ACTION ITEM: Each word in the data below should be copied exactly; the images should not.
=== WORKING DATA ===
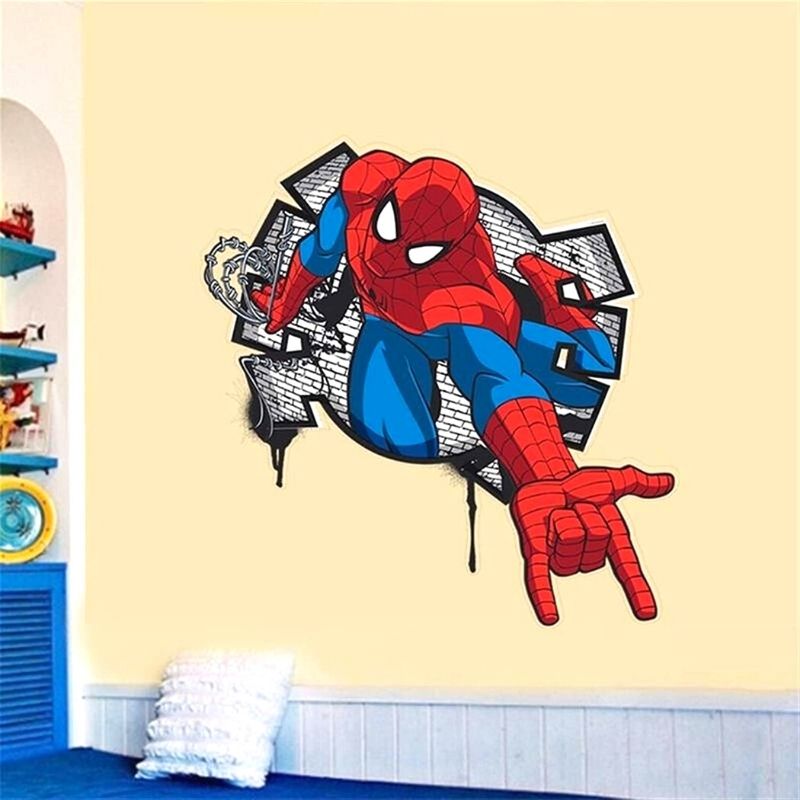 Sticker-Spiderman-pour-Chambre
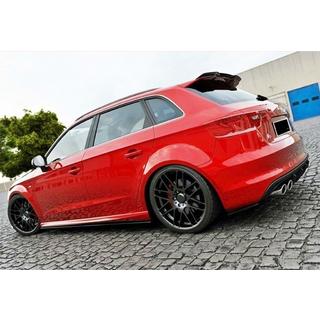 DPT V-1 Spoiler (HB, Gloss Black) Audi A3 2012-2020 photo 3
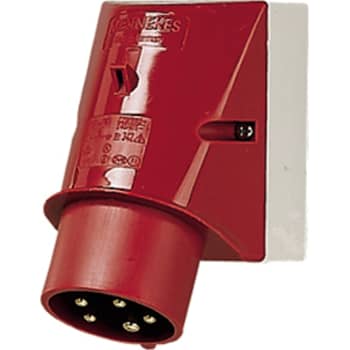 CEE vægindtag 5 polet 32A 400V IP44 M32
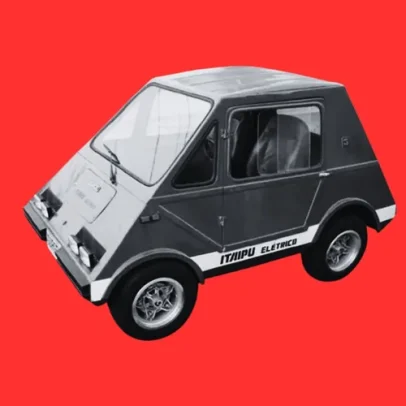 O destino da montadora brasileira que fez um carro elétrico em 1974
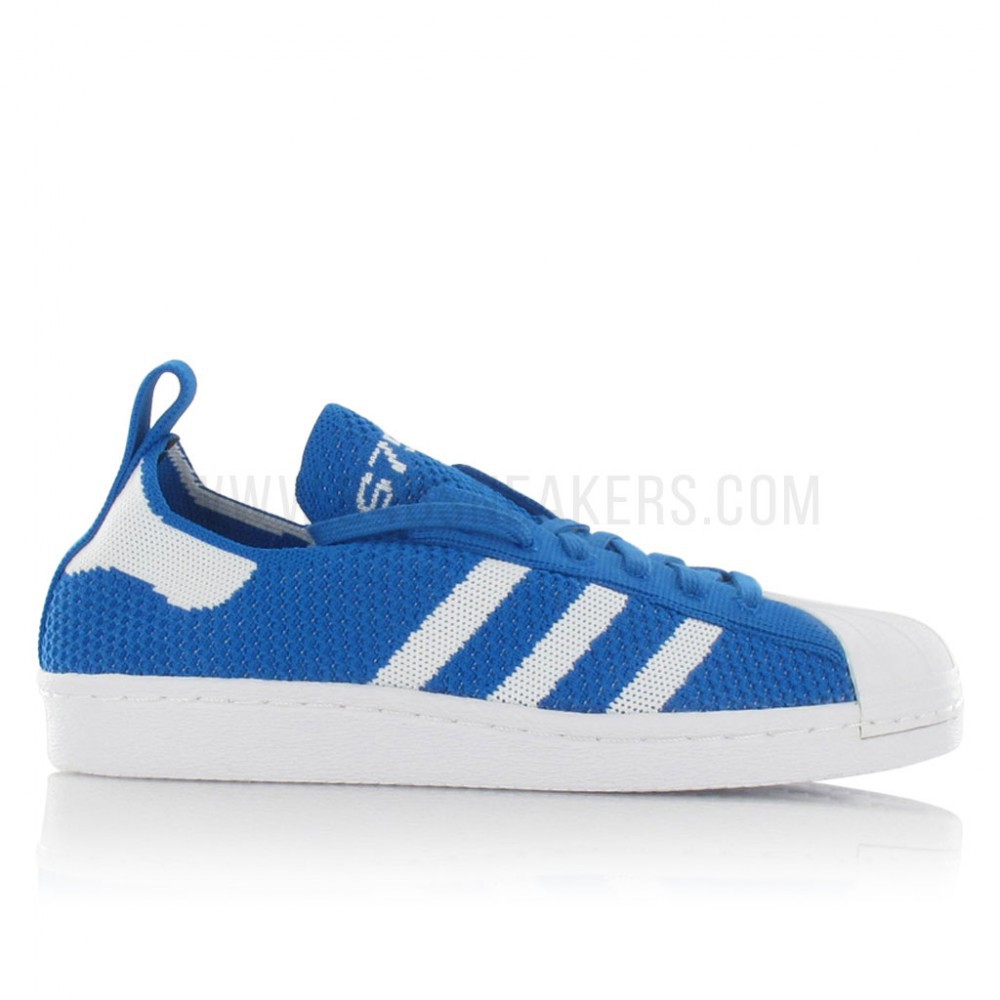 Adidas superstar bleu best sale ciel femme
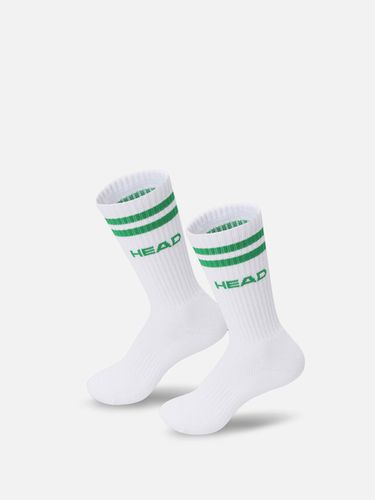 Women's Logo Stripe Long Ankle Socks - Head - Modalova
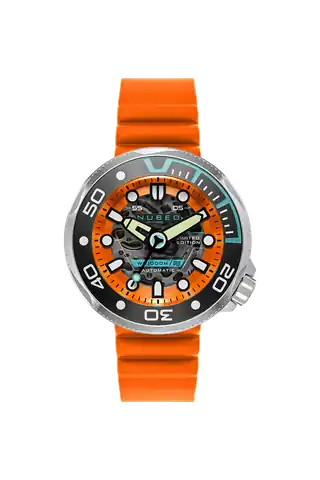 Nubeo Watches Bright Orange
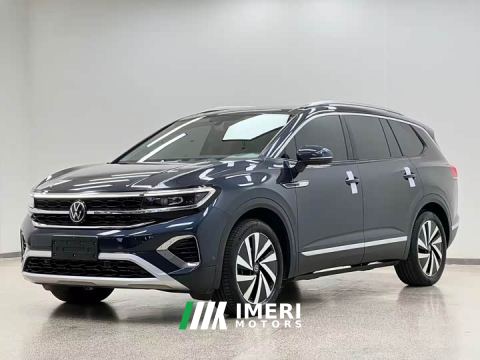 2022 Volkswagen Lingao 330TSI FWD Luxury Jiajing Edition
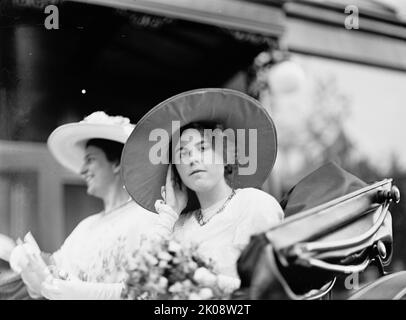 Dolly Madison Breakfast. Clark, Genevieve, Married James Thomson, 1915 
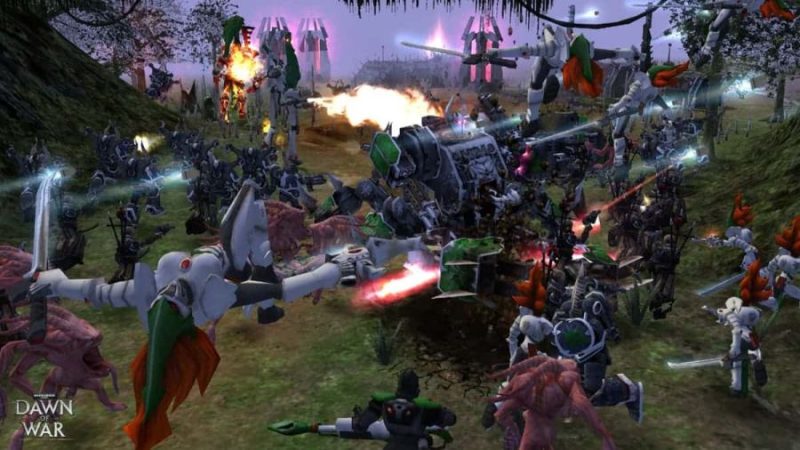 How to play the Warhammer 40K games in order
===
EXPECTED OUTPUT:
 Sticker-Spiderman-pour-Chambre
 DPT V-1 Spoiler (HB, Gloss Black) Audi A3 2012-2020 photo 3
 CEE vægindtag 5 polet 32A 400V IP44 M32
 O destino da montadora brasileira que fez um carro elétrico em 1974
 Adidas superstar bleu best sale ciel femme
 Women's Logo Stripe Long Ankle Socks - Head - Modalova
 Nubeo Watches Bright Orange
 2022 Volkswagen Lingao 330TSI FWD Luxury Jiajing Edition
 Dolly Madison Breakfast. Clark, Genevieve, Married James Thomson, 1915 
 How to play the Warhammer 40K games in order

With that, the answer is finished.